62 patients had mucopurulent sputum. 27 (43.5%) were colonised (P. aeruginosa (n = 11), H. influenzae (n = 7), Streptococcus pneumoniae (n = 4), Moraxella catarrhalis (n = 3), Staphylococcus aureus (n = 2)).

59 patients had purulent sputum: 51 (86.4%) were colonised (H. influenzae (n = 21), P. aeruginosa (n = 15), S. aureus (n = 5), S. pneumoniae (n = 4), M. catarrhalis (n = 2), Serratia marcescens (n = 2), Stenotrophomonas maltophilia (n = 1), methicillin-resistant S. aureus (n = 1)).

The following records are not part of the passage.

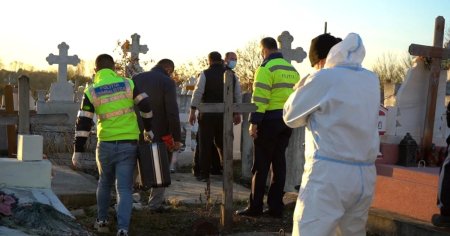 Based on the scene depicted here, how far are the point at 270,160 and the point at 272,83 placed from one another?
0.85 meters

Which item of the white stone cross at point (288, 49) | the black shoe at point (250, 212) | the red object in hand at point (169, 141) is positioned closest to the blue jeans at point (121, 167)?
the red object in hand at point (169, 141)

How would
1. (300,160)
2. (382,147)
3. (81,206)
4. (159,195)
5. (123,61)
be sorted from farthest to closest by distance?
(123,61)
(300,160)
(382,147)
(81,206)
(159,195)

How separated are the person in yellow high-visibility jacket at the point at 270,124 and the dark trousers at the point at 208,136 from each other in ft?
8.02

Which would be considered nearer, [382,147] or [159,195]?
[159,195]

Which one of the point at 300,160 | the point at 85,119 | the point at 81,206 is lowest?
the point at 81,206

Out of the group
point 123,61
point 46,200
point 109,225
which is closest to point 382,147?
point 109,225

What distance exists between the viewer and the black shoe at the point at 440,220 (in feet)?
17.4

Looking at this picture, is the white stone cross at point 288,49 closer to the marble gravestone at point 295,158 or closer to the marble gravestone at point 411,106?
the marble gravestone at point 295,158

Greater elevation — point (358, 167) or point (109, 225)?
point (358, 167)

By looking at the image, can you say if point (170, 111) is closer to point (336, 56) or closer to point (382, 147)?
point (382, 147)

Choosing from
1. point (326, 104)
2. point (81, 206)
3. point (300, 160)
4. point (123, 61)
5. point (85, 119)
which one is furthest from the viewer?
point (123, 61)

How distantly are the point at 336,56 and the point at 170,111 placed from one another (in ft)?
12.2

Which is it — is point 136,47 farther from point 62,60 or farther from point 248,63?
point 248,63

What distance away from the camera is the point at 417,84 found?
28.3 ft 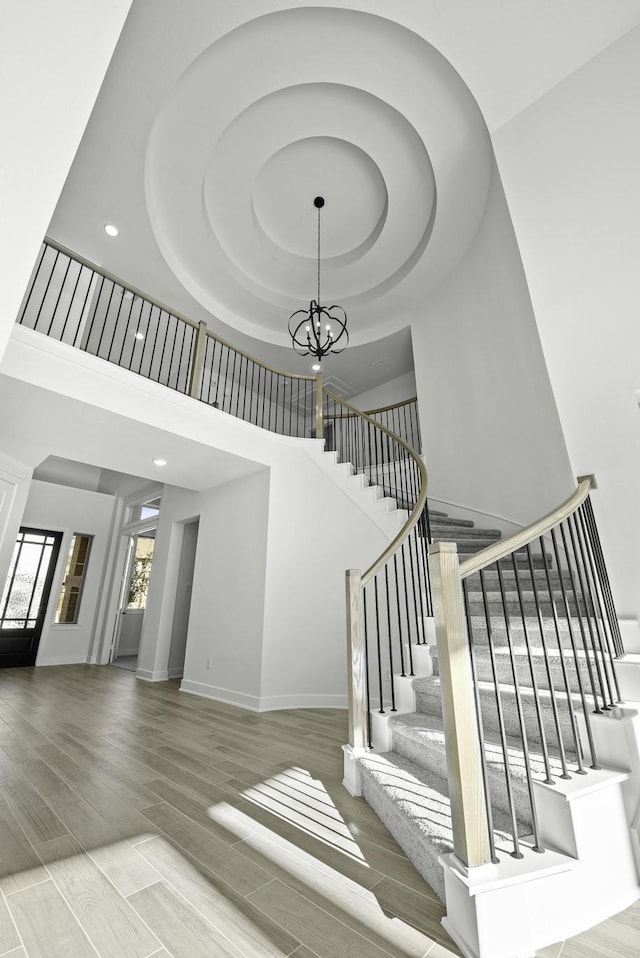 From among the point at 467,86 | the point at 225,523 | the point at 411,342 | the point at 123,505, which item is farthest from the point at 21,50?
the point at 123,505

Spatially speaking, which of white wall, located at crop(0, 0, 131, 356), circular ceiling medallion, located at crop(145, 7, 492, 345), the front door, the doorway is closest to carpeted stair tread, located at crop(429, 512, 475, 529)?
circular ceiling medallion, located at crop(145, 7, 492, 345)

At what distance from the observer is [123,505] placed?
7.94m

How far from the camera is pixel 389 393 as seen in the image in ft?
26.4

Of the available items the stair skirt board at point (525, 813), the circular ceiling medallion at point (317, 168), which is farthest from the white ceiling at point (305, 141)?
the stair skirt board at point (525, 813)

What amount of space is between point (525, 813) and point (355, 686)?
1071 mm

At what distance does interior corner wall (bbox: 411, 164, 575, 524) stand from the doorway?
5687mm

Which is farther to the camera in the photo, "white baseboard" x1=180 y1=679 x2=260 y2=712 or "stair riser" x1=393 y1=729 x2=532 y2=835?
"white baseboard" x1=180 y1=679 x2=260 y2=712

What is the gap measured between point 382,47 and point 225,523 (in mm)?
5544

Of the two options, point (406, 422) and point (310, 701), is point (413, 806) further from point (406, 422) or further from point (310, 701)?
point (406, 422)

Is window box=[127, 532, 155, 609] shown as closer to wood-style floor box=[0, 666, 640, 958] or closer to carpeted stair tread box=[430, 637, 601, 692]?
wood-style floor box=[0, 666, 640, 958]

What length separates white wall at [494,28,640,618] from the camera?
10.1ft

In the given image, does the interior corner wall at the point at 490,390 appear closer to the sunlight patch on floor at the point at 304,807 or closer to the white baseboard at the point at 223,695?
the sunlight patch on floor at the point at 304,807

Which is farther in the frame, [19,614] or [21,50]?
[19,614]

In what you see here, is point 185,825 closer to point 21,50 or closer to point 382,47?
point 21,50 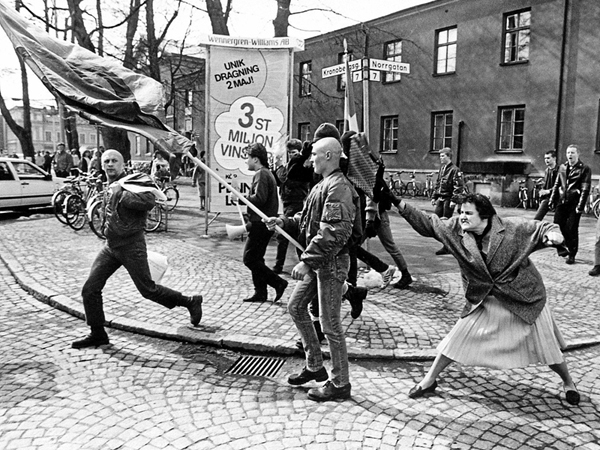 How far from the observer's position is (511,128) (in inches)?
875

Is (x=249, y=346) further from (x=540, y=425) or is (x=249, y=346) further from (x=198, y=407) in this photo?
(x=540, y=425)

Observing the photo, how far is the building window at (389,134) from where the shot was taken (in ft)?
89.7

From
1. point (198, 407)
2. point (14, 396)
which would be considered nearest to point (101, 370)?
point (14, 396)

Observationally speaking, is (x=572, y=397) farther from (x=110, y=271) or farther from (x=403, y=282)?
(x=110, y=271)

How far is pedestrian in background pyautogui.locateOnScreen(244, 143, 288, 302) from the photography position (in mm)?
6403

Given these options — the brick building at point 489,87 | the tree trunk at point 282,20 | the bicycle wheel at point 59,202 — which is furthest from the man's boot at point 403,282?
the tree trunk at point 282,20

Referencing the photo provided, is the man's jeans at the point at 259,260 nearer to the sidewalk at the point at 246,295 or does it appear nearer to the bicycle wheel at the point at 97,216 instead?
the sidewalk at the point at 246,295

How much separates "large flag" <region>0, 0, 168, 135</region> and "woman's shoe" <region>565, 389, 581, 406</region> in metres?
4.19

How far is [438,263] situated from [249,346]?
4.87 meters

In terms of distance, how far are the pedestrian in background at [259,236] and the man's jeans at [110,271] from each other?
4.94 ft

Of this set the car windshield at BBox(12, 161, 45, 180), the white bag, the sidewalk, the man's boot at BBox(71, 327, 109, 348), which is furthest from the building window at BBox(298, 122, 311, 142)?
the man's boot at BBox(71, 327, 109, 348)

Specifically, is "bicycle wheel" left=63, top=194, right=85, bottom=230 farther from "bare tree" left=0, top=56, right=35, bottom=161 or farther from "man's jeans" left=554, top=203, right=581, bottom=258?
"bare tree" left=0, top=56, right=35, bottom=161

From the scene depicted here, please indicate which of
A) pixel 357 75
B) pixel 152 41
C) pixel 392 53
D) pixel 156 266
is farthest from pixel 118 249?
pixel 392 53

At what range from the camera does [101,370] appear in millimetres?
4531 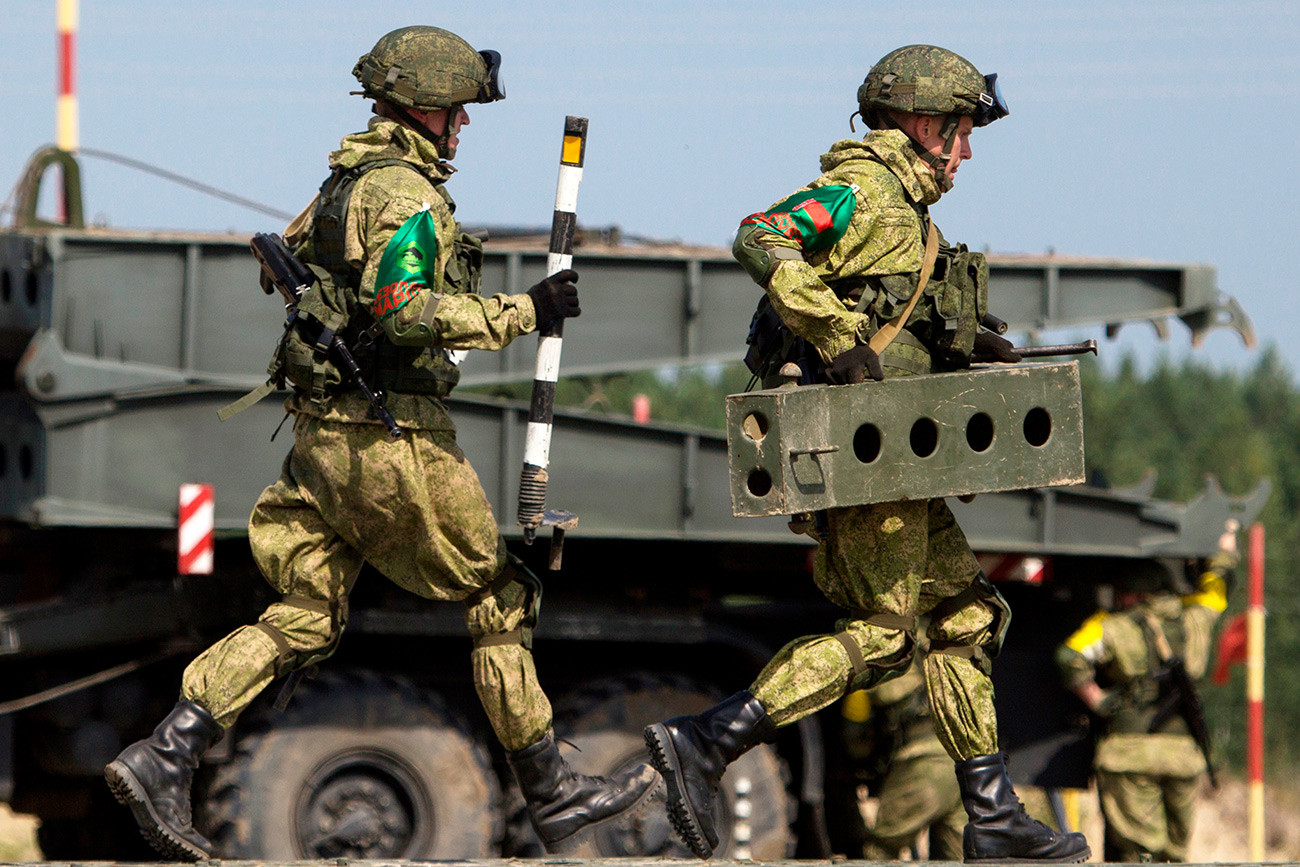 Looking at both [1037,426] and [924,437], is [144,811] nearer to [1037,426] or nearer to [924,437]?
[924,437]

More patients with purulent sputum were colonised than patients with mucopurulent and mucoid sputum (86.4 versus 43.5 and 5% respectively; p<0.0001) (fig. 1b).

Disease severity

Table 1 details the age, sex, lung function, radiological features, systemic inflammation and HRQoL for each grade of sputum: for patients with purulent sputum, bronchiectasis was diagnosed younger; FEV1 was lower; number of lobes involved and presence of varicose or cystic bronchiectasis was greater; HRQoL was worse and more were on inhaled corticosteroids.

View this table:
Table 1—

Clinical features and characteristics of patients with mucoid, mucopurulent and purulent sputum

Independent factors predictive of purulent sputum

All factors had a VIF of <2.0. Independent factors were FEV1 <80% pred, varicose or cystic bronchiectasis, bacterial colonisation and bronchiectasis diagnosed aged <45 yrs. (table 2).

View this table:
Table 2—

Multivariate logistic regression analysis of factors predictive of purulent sputum in clinically stable bronchiectasis

DISCUSSION

We developed a quantitative method that allows clinicians to report sputum colour. The colour chart is unique, as it uses photographs of bronchiectasis sputum, providing accurate representation of the three major grades of colour, and had good interobserver reliability between the doctor and patient.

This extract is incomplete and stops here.